True, Netflix had hoped to persuade Comcast (as it has done with some other ISPs) to let it put servers within its network, avoiding the need to pay for interconnection. Instead, it appears that Comcast insisted on using commercial Internet exchanges, where networks of all sizes interconnect.
Yet Netflix is already paying for the ability to reach customers in the homes with Comcast cable modems; it’s just not paying Comcast. Instead, it’s been paying other Internet service providers, such as Cogent, to deliver its streams to Comcast and other broadband ISPs.
The problem for Netflix has been that some major broadband ISPs haven’t been willing to provide Cogent more capacious connections unless Cogent pays them. Cogent has balked, leading to more traffic jams and poorer video quality.
Cogent’s objections notwithstanding, it’s common online for ISPs to exchange traffic for free only when there’s a roughly equal amount going in both directions. Like other streaming services, Netflix sends far more traffic to its customers than they transmit back.
Some observers said the deal still was problematic on “net neutrality” grounds. Netflix will pay Comcast more in order to improve the quality of its video streams, which allegedly a) gives Netflix an advantage over smaller competitors that can’t afford to pay, and b) lets Comcast pick winners and losers among content providers.
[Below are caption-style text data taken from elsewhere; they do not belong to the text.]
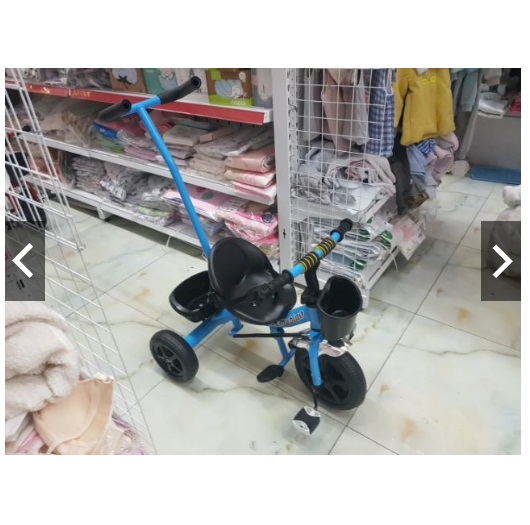 Xe đạp 3 bánh có cán đẩy mới 2020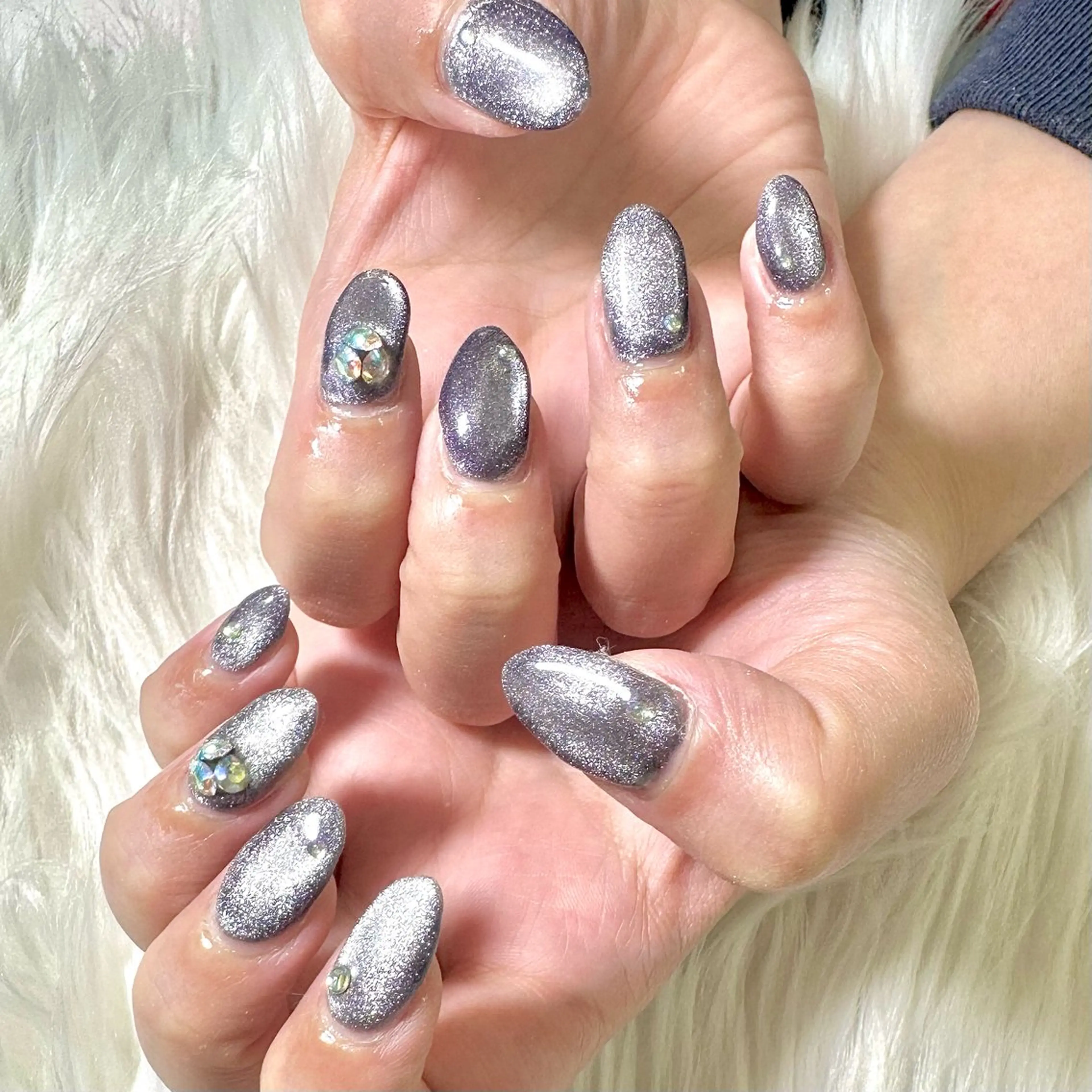 ネイル マグネットネイル ストーンネイル ハンドネイル Heartnail Hino Reinaのネイルデザイン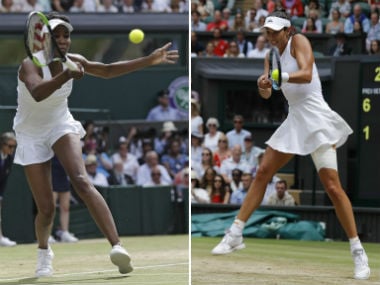 File image of Venus Williams and Garbine Muguruza. AFP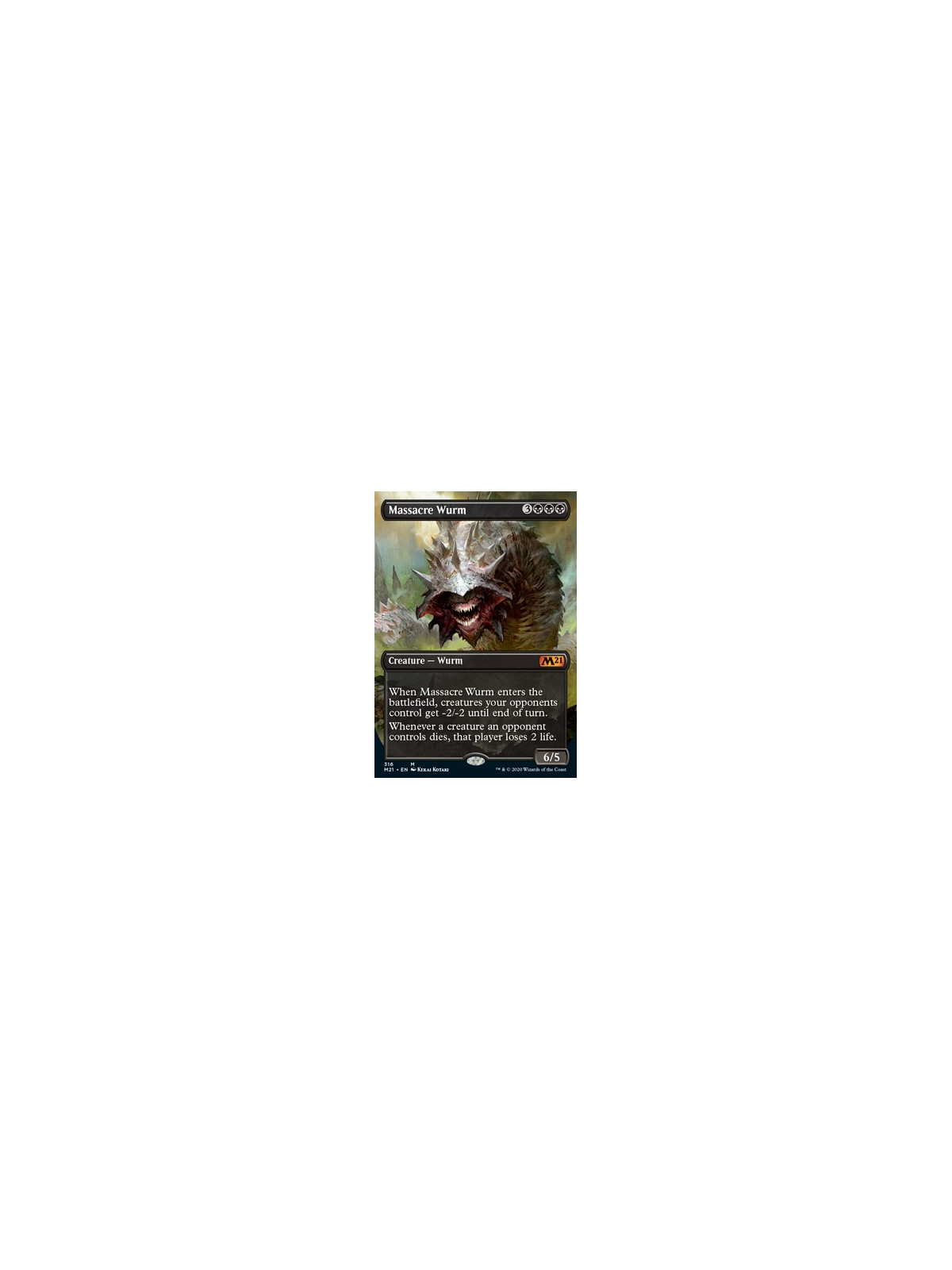 M21 316 - Massacre Wurm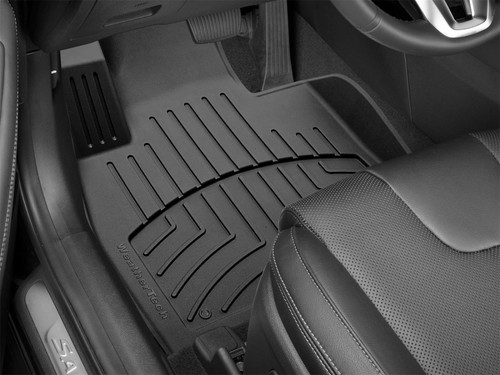 WeatherTech 2019-2020 Hyundai Santa Fe Front FloorLiner HP - Black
But the net neutrality rules adopted by the Federal Communications Commission (most of which were invalidated by a federal appeals court) looked only at what Comcast and other ISPs did to traffic on their networks. The rules were silent about interconnection arrangements.
Maybe they shouldn’t be, Timothy B. Lee argues in his Washington Post piece. Netflix’s deal with Comcast suggests that major broadband ISPs have the power to force content providers to pay them for direct connections. That puts ISPs in the position to play favorites among content providers through the prices they charge for those connections and the capacity they provide, Lee contends.
Yet that’s just another way of playing the game that’s already being played today. Deep-pocketed content providers can afford to pay “content delivery networks” such as Akamai to deliver their programming with fewer hiccups and at higher resolution than their lesser-known rivals can.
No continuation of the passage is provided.